Ramsay Hunt, chief neurologist at Cornell University School of Medicine at the turn of the twentieth century, described an association between peripheral facial palsy and reactivation of the herpes zoster virus (also known as varicella-zoster virus), with inflammation in the geniculate ganglion, where the virus lies dormant after primary infection.2 The pain and paralysis are more severe and the prognosis is poorer in Ramsay Hunt syndrome than in herpes simplex virus type 1 (HSV-1)–related acute peripheral facial nerve palsy.1 Early diagnosis of Ramsay Hunt syndrome and treatment with acyclovir and prednisone within 72 hours of facial palsy onset improve recovery rate and reduce the severity of the sequelae.3
Acute otitis media can present with peripheral facial nerve palsy when an ear infection spreads to include the adjacent bony structure and nerves, but it occurs without a vesicular rash.
Lyme disease is the most common cause of facial palsy in children in endemic regions.4 Diagnostic clues for Lyme disease include a history of tick bite, antecedent rash, Lyme-endemic area, and Lyme disease season, none of which applied to our patient.4
Facial palsy associated with HSV-1 is the most common cause of cranial nerve palsy in adults.5 The HSV-1 reactivation site, however, is in a more distal part of the facial nerve compared with the herpes zoster virus reactivation sites, and involvement of the lacrimal and salivary glands and taste distortion will therefore be spared in HSV-1 reactivation.6
References
- Sweeney CJ, Gilden DH. Ramsay Hunt syndrome. J Neurol Neurosurg Psychiatry. 2001;71:149-154.

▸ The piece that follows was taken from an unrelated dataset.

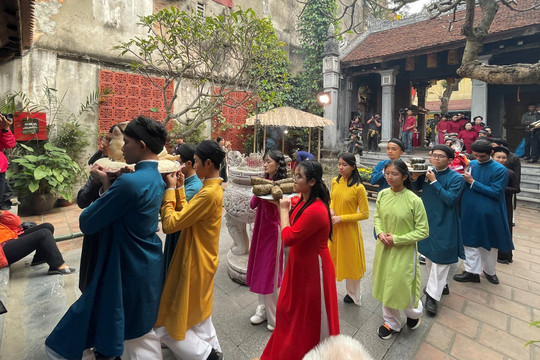 Tái hiện nhiều nghi thức cổ truyền ngày Tết tại khu phố cổ Hà Nội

- Hunt JR. On herpetic inflammations of the geniculate ganglion: a new syndrome and its complications. J Nerv Ment Dis. 1907;34:73-96.
- Murakami S, Hato N, Horiuchi J, et al. Treatment of Ramsay Hunt syndrome with acyclovir-prednisone: significance of early diagnosis and treatment. Ann Neurol. 1997;41:353-357.
- Cook SP, Macartney KK, Rose CD, et al. Lyme disease and seventh nerve paralysis in children. Am J Otolaryngol. 1997;18:320-323.
- Peitersen E. Bell's palsy: the spontaneous course of 2,500 peripheral facial nerve palsies of different etiologies. Acta Otolaryngol Suppl. 2002;549:4-30.
- Grose C, Bonthius D, Afifi AK. Chickenpox and the geniculate ganglion: facial nerve palsy, Ramsay Hunt syndrome and acyclovir treatment. Pediatr Infect Dis J. 2002;21:615-617.